Depuis dix ans, l’entreprise de télécommunications allemande Deutsche Telekom s’est investie auprès de l’université israélienne Ben-Gourion. Elle a créé un laboratoire de R&D : 160 chercheurs et étudiants y planchent avec les consultants du groupe sur les solutions de sécurisation des données de demain.
Faire de Beer Sheva la capitale mondiale de la cybersécurité – autrement dit, de la sécurisation des données et des systèmes d’information –, c’est le pari lancé en début d’année par l’État d’Israël qui a vu là un marché économique très prometteur sur le plan mondial, à même de servir ses intérêts civils et militaires.
La “Silicon Wadi” (le canyon de silicone), comme on l’appelle ici avec humour en référence à la Silicon Valley, s’articule notamment autour de l’université Ben-Gourion de Beer-Shev’a et passe par le redéploiement de quelque 10 000 militaires dans ce domaine d’activité.
Son centre de R&D au sein de l’université
Ce projet d’État a convaincu Deutsche Telekom (DT), qui cherche, comme tous les acteurs des télécoms, à développer ce segment.
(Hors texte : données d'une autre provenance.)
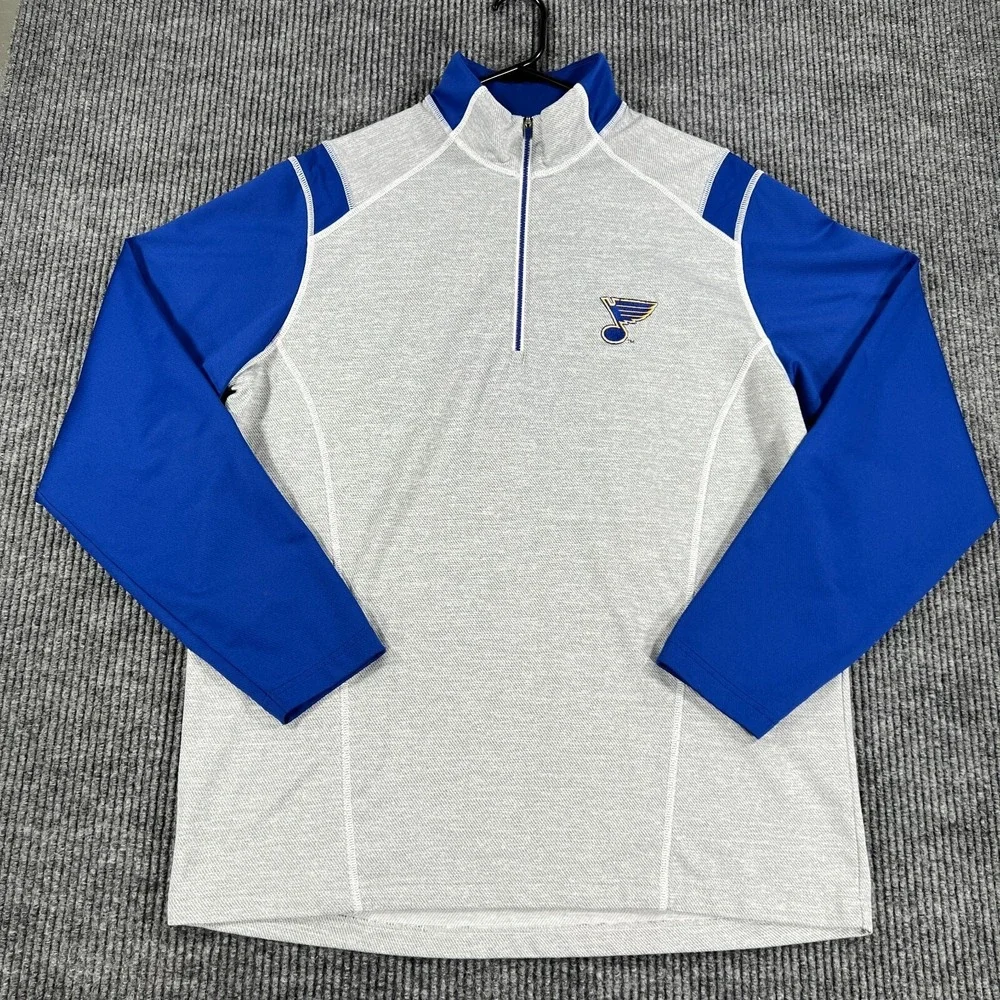 St. Louis Blues Pullover Shirt Mens Large Gray Long Sleeve 1/4 Zip Mock NHL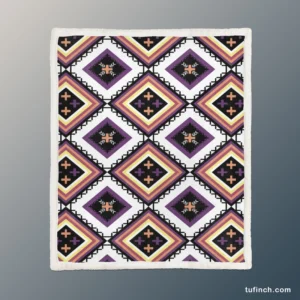 Geometric Ethnic Ikat Pattern Sherpa Fleece Blanket 1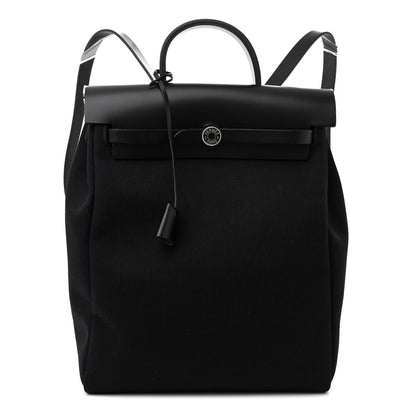 Hermes Military Toile Vache Hunter Herbag a Dos Zip Retourne Backpack Black 1 of 11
En 2004, le leader européen a ouvert au sein de l’université Ben-Gourion son premier centre de R&D hors d’Allemagne. Le but : tisser des liens entre recherche fondamentale et application industrielle, en particulier dans le domaine de la cybersécurité, notamment sur les mobiles et le système Android.
Depuis 2013, le laboratoire d’innovation Telekom (ou T-Labs) a déménagé à deux pas de l’université. Le groupe allemand reprend le concept du “T-Labs” déjà testé à l’université de technologies de Berlin : il intègre une entité privée à son enseignement et à ses activités de recherche. À Beer-Shev’a, il est situé dans un bâtiment flambant neuf qui accueille un incubateur d’entreprises, mais aussi les bureaux d’Oracle, d’IBM, ou encore de Lockheed Martin.